# Machine Learning and Statistics
Project notebook for Machine Learning and Statistics @ GMIT - 2020

Author: Maciej Izydorek (G00387873@gmit.ie) Github: [mizydorek](https://github.com/mizydorek/Fundamentals-of-Data-Analysis-Project-2020)

***

#### Project Description

*Create a web service that uses machine learning to make predictions based on the powerproduction data set. The goal is to produce a model that accurately predicts wind turbine power output from wind speed values, as in the data set.

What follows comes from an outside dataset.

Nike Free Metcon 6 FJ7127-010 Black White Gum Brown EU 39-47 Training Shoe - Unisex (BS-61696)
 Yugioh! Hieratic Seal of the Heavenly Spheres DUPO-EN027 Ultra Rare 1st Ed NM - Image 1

You must then develop a web service that will respond with predicted power values based on speed values sent as HTTP requests.*

#### Introduction to Dataset

##### — Packages

In [1]:
# Numerical arrays.
import numpy as np

# Data manipulation and analysis.
import pandas as pd 

# Plotting.
import matplotlib
import matplotlib.pyplot as plt
import seaborn as sns

# plot settings.
%matplotlib inline
plt.style.use('ggplot')
plt.rcParams['figure.figsize'] = [16,9]

# Set your custom color palette
colors = ["#495057", "#212529", "#6C757D", "#ADB5BD", "#CED4DA"]
sns.set_palette(sns.color_palette(colors))
cmap = matplotlib.colors.ListedColormap(colors)

##### — Load Dataset

In [2]:
# Load data set.
df = pd.read_csv("https://raw.githubusercontent.com/ianmcloughlin/2020A-machstat-project/master/dataset/powerproduction.csv")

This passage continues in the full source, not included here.